Translating Latife Tekin´s Dear
Shameless Death
Life is full of surprises, and being at a workshop in Turkey was
certainly one of the twists and turns of life. I would like to thank
the Steering Committee of the 6th Cunda
International Workshop for Translators of Turkish Literature
for inviting me. I´m very grateful, and hope I have managed to
contribute with some points of view, although not a professional
translator.
Personal background/CV
My academic background is from the University of Oslo and the
University of Cambridge. My thesis was The Thematic Function of
the Social Structure in Shakespeare´s Plays, submitted in 1973.
After leaving University, my work experience is connected to
primary and secondary education, first as a teacher. For a spell in
the 80´s I was involved in union work at county and national level.

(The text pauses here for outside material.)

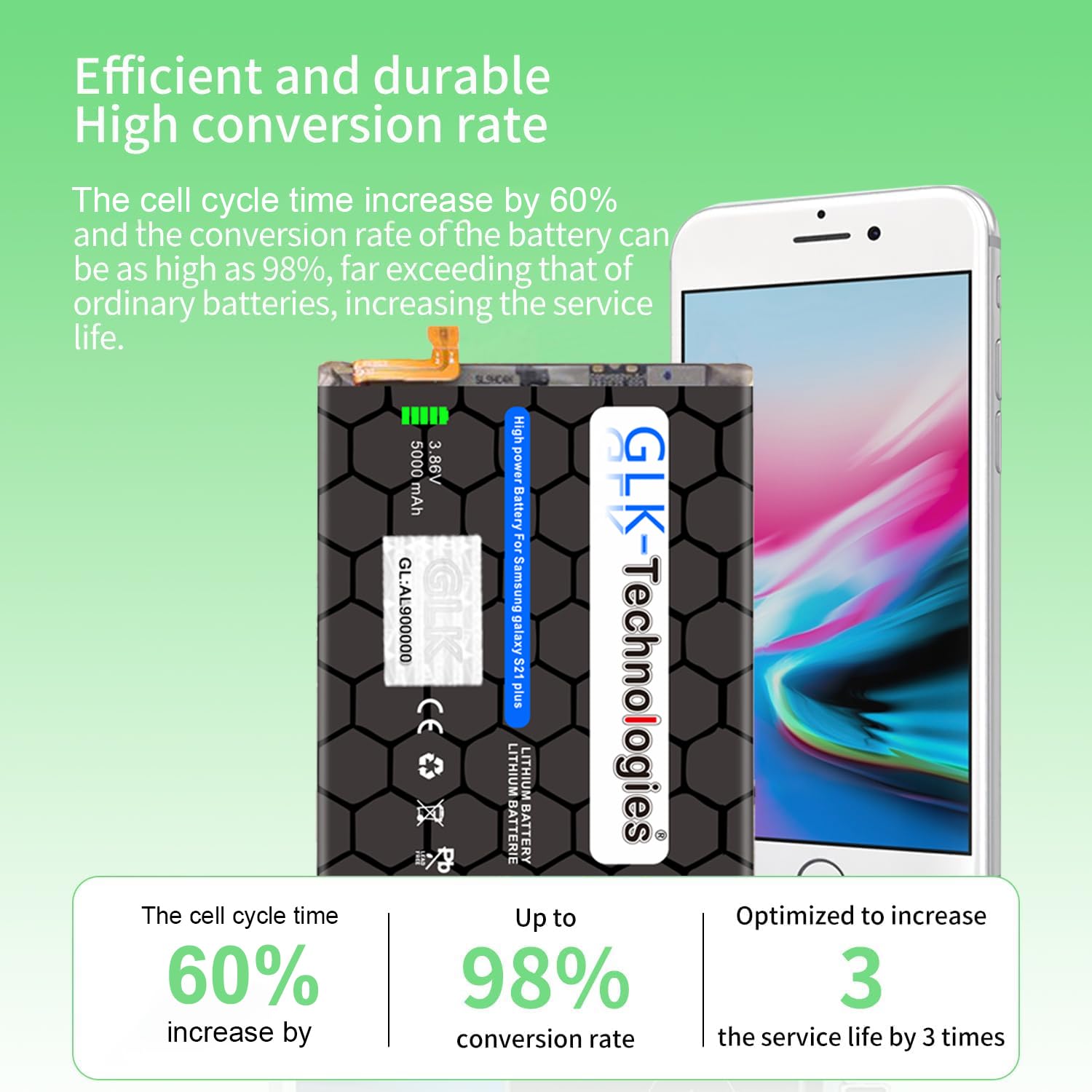 GLK-Technologies® High Power Ersatzakku kompatibel mit Samsung Galaxy S21 Plus G996B EB-BG996ABY Battery accu 5000mAh Akku inkl. Profi Werkzeug Set Kit NUE 2026 BJ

The last 20 years I have been the principal of a middle sized
secondary school, project leader and finally adviser for the Director
of Secondary Education in The County of Nordland. Being heavily
involved in school development from the 80s, I have written heaps of
papers on various aspects of education. The last 8 years of my
professional career, I wrote documents to be presented at the
political assembly of the County of Nordland.
My road to Cunda
I met Saliha Paker way back in 1970 when both of us were studying
in Cambridge. Finally, I visited Saliha in Cunda last summer, and
luckily Saliha introduced me to Dear Shameless Death and
Latife Tekin´s universe. Reading the novel while being in Turkey,
talking with the translator of the novel, and meeting the author,
made a stong impact on me.
To my surprise I couldn´t get the novel out of my head. It made
me uneasy until I realized the novel had to be translated into
Norwegian. I tried to figure out whom to contact, and how to get
someone interested in translating Dear Shamless Death. But
living far away from Oslo where the publishing houses are located,
doesn´t make it easy.
Just for the fun of it, I tried to translate the first few
paragraphs into bokmål. I immediately got stuck, and thought the
language of Latife Tekin too difficult to transfer to Norwegian.
However, the text was nagging me until I suddenly realized it
demanded to be translated into nynorsk (New Norwegian). Before I knew
it I had translated the first "chapter".